Excerpts from a dataset:
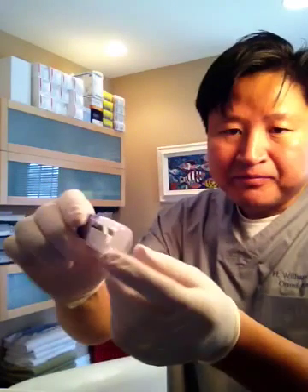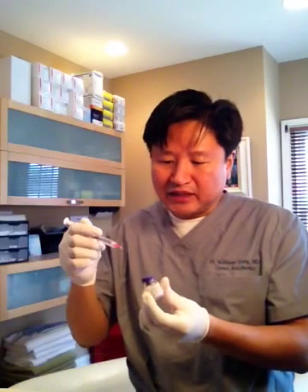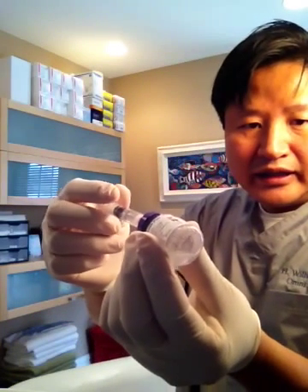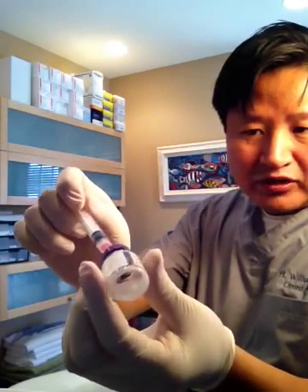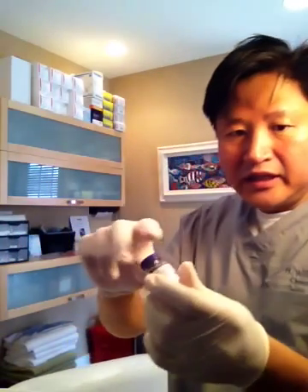What we have to do is dilute or reconstitute it with saline. The amount of saline you put in determines how concentrated it is. We put the fluid in, and as you can see, it's dissolving the product.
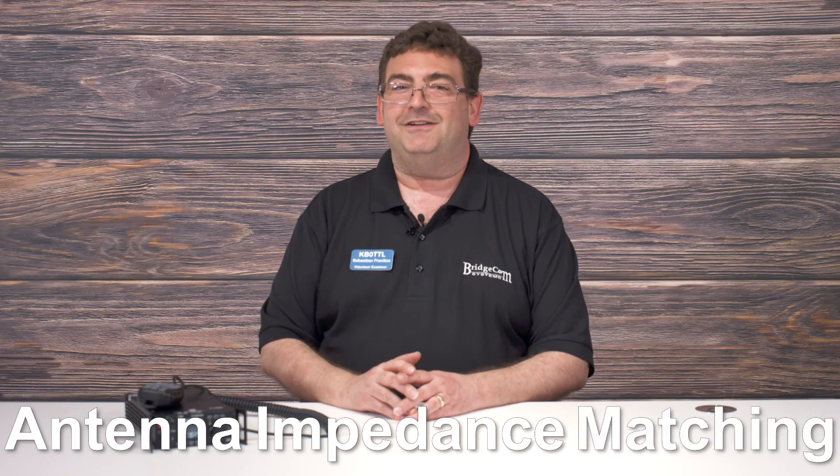When you're first beginning on the HF side of the amateur radio hobby, you'll start to notice the term antenna impedance matching. With this concept being so important to a successful experience in radio, we decided to make it easier.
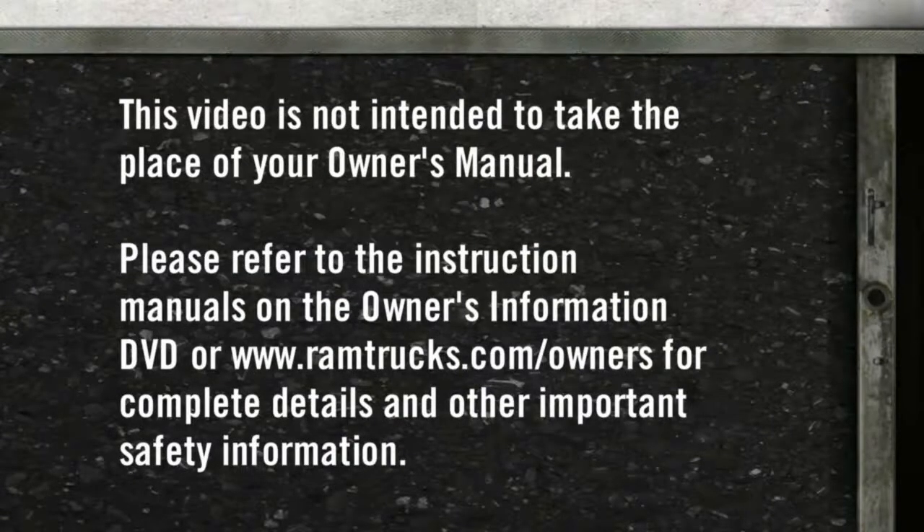Please refer to the instruction manuals on the Owner's Information DVD or ramtrucks.com/owners for complete details and other important safety information.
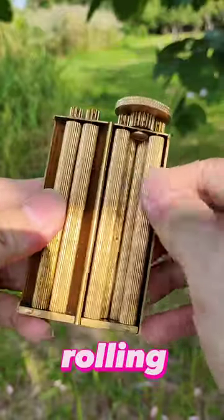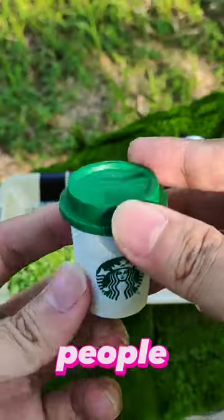What the hack is that? It is for rolling broccoli. Yes, it is for people who love to be healthy.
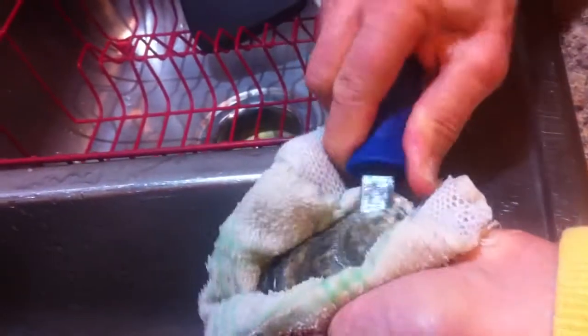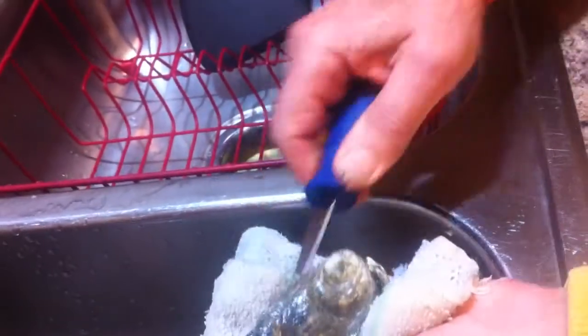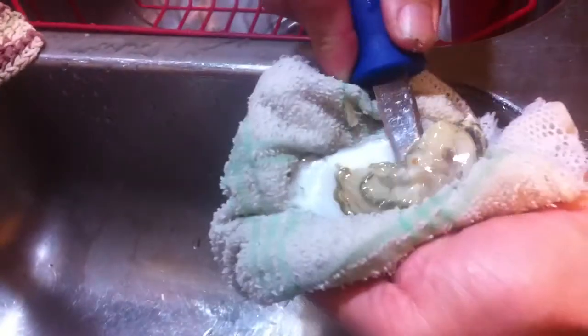Now we're going to cut the top muscle by sliding the knife forward. Okay, and then we're good. And then we're going to just cut that bottom muscle.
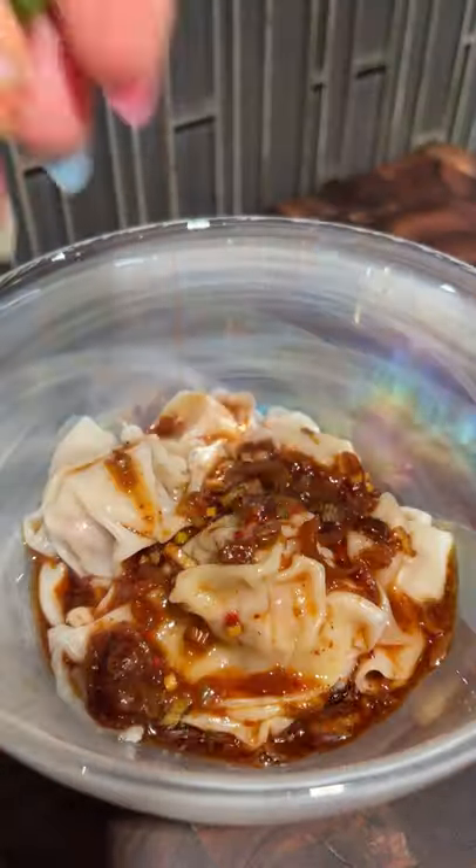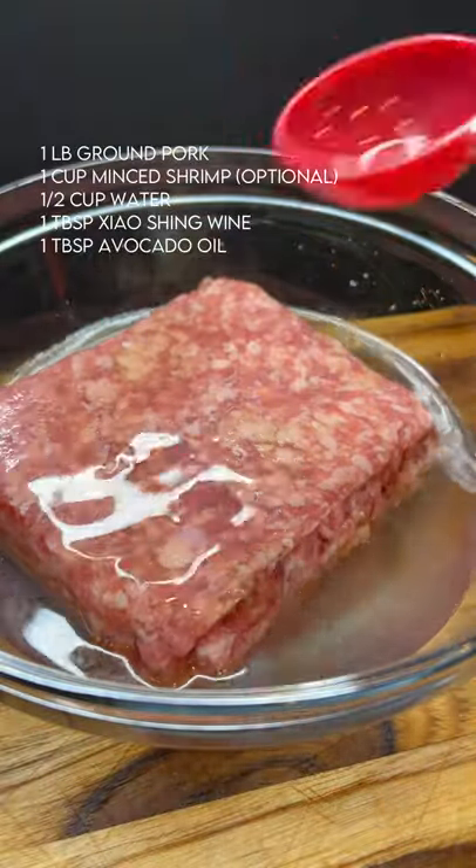Trust me, you're going to want to try these hot and juicy wontons. It's best to make a big batch and pop some in the freezer for later, so grab some family and friends and let's get started.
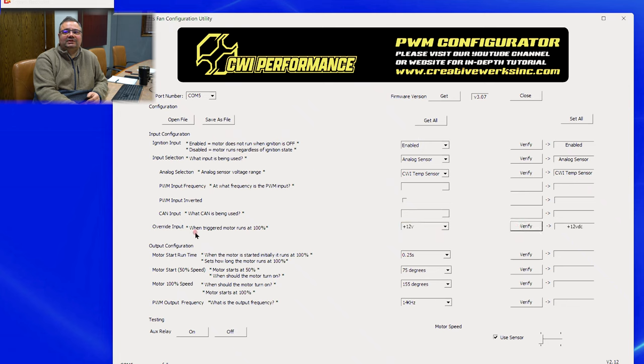The next section is the output configuration. We have motor start run time, motor start speed, motor 100% speed, and a PWM output frequency. The motor start time is a brief period where we turn the motor on at 100% just for a moment. This current-checks the system — for example, if there's debris in a fan and you try to PWM it at a very low rate like 10%, the motor won't move and will get hot, potentially causing a thermal event. So we turn it on for about half a second, and for fan safety we have the motor start at 50% duty cycle.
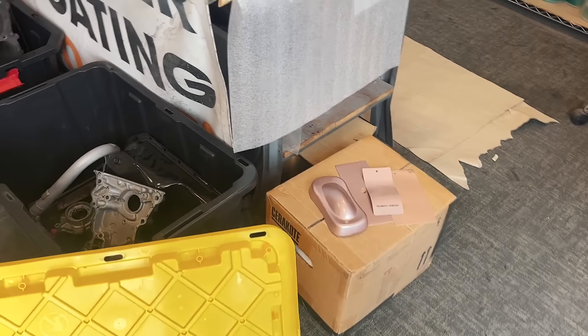Prior to everything getting powder coated it's going to get sandblasted to make sure that the prep and the finish come out as best as they can. So we're going to show you a little bit of sandblasting on this piece right here, because it's a quick one that doesn't need too much taping off and all that kind of stuff. Let's check it out.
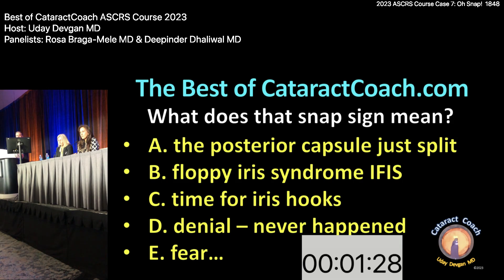Now what does that mean? A: the posterior capsule just split; B: floppy iris syndrome / IFIS; C: time for iris; D: denial — never happened; E: fear. What is going on here? Panel discussion: the posterior capsule just split. But if it were you doing the surgery, you'd be in denial. It's fragile, like your ego — you're the meanest. Okay, so that's the posterior capsule just split — no other possibilities.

**Work item:** Would you please repeat only the lines above, beginning at the one that has "When you're first" and stopping after the one that has "Trust me, you're", exactly and with no pictures?

**Answer space:**
When you're first beginning on the HF side of the amateur radio hobby, you'll start to notice the term antenna impedance matching. With this concept being so important to a successful experience in radio, we decided to make it easier.
Please refer to the instruction manuals on the Owner's Information DVD or ramtrucks.com/owners for complete details and other important safety information.
What the hack is that? It is for rolling broccoli. Yes, it is for people who love to be healthy.
Now we're going to cut the top muscle by sliding the knife forward. Okay, and then we're good. And then we're going to just cut that bottom muscle.
Trust me, you're going to want to try these hot and juicy wontons. It's best to make a big batch and pop some in the freezer for later, so grab some family and friends and let's get started.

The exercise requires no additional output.